I save the file, close it, and shut off the computer. I reach towards the printer, and from the stack of white paper sitting in its tray, I take a single sheet. I pluck a pen from the nearby jam jar, and in a small corner of the desktop not taken up by the machines, I bend my arm to the paper. Hesitant now, I begin to pen a phrase that has echoed in my head since my return from Paris.
“There will not be any more letters…”
I pause, wondering. What saviour is here? Is this kindness or cruelty? Who speaks?
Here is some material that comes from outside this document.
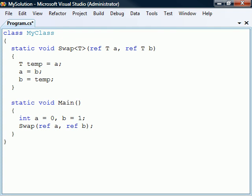This is because the compiler can automatically determine the type since the generic method's arguments use the type parameter. However, if this was not the case, or if we want to use another type parameter than the one the compiler would select, we would then need to explicitly specify it.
I write again.
Ruth Silver said the words softly as she took the mail from Sarah’s hand: “There will not be any more letters.”
Here then is my beginning.
O
F COURSE, JEANNE PROUST
and her son Marcel were real people. In imagining Mme Proust’s diary, I have drawn my inspiration from the actual events and personalities that filled their lives. Marcel did break his mother’s Venetian glass in anger and had a misunderstanding with the English artist Marie Nordlinger. Still, literature makes different demands from those of scholarship. Not only have I invented conversations, arguments, holidays, meals, and weather conditions, I have also tinkered with chronology, repeated some tales that may be apocryphal, and embroidered fictional details into the factual. For example, not all Proust biographers would give credence to the story of his encounter with Oscar Wilde, which I, meanwhile, have moved from 1894 to 1892. And it is only literary speculation to suggest the young Marcel discussed memory with the great philosopher who married his cousin.